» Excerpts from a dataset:
::::

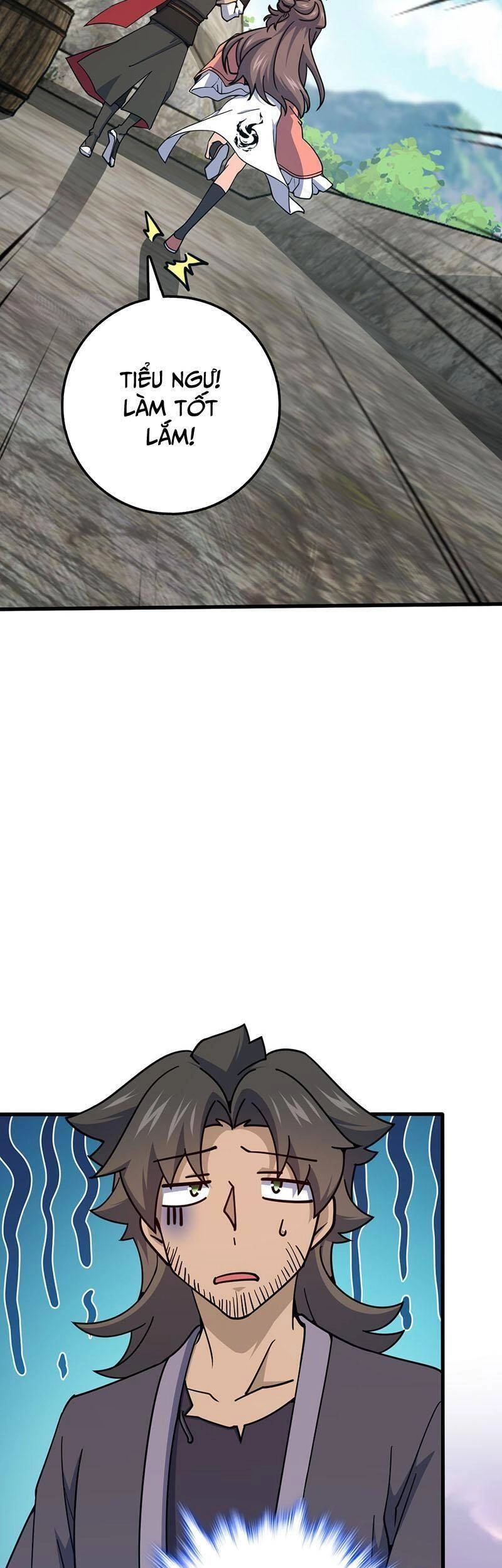 Đại Vương Tha Mạng Chapter 550 - 22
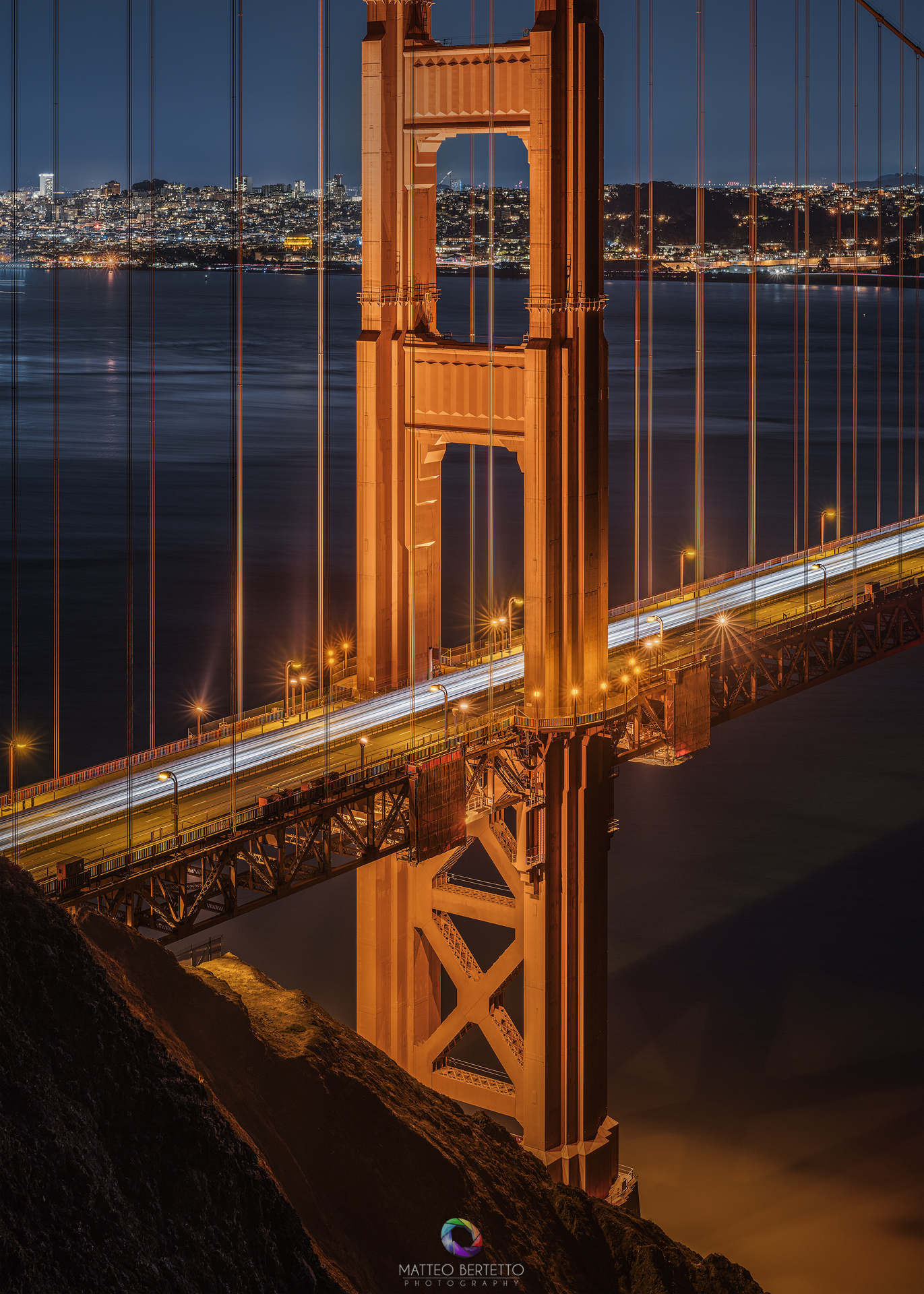 Golden Gate - San Francisco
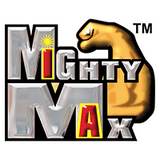 Mighty Max Fireworks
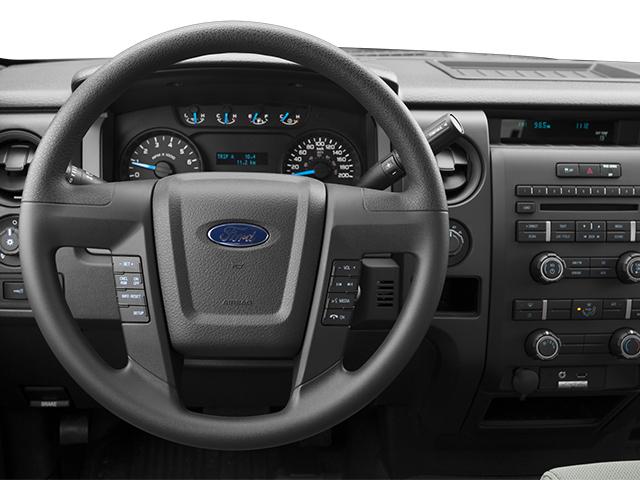 used 2013 Ford F-150 car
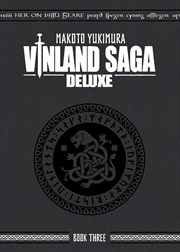 Buy Vinland Saga Deluxe 3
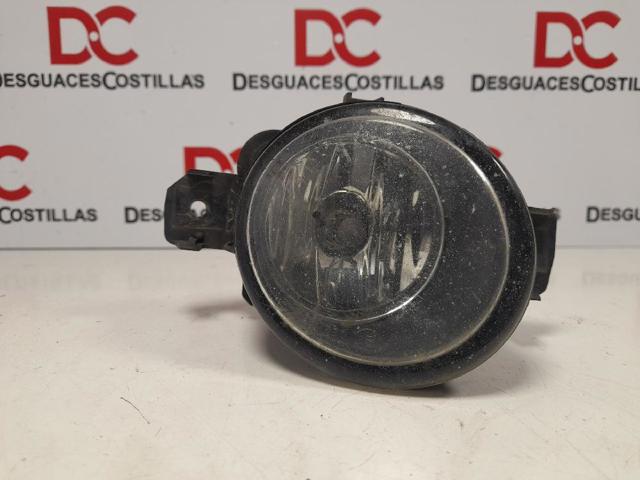 Luz antiniebla para Qashqai 1 J10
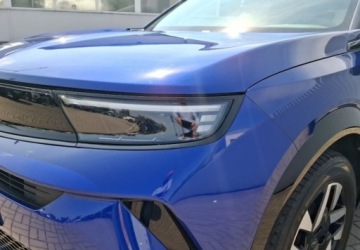 Opel Mokka II SUV 1.2 Turbo 130KM 2025 Opel Mokka 1.2 T GS SS aut 1.2 Benzyna 130KM, zdjęcie 7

::::

A verbatim copy of the records is needed, with all images omitted.

 Đại Vương Tha Mạng Chapter 550 - 22
 Golden Gate - San Francisco
 Mighty Max Fireworks
 used 2013 Ford F-150 car
 Buy Vinland Saga Deluxe 3
 Luz antiniebla para Qashqai 1 J10
 Opel Mokka II SUV 1.2 Turbo 130KM 2025 Opel Mokka 1.2 T GS SS aut 1.2 Benzyna 130KM, zdjęcie 7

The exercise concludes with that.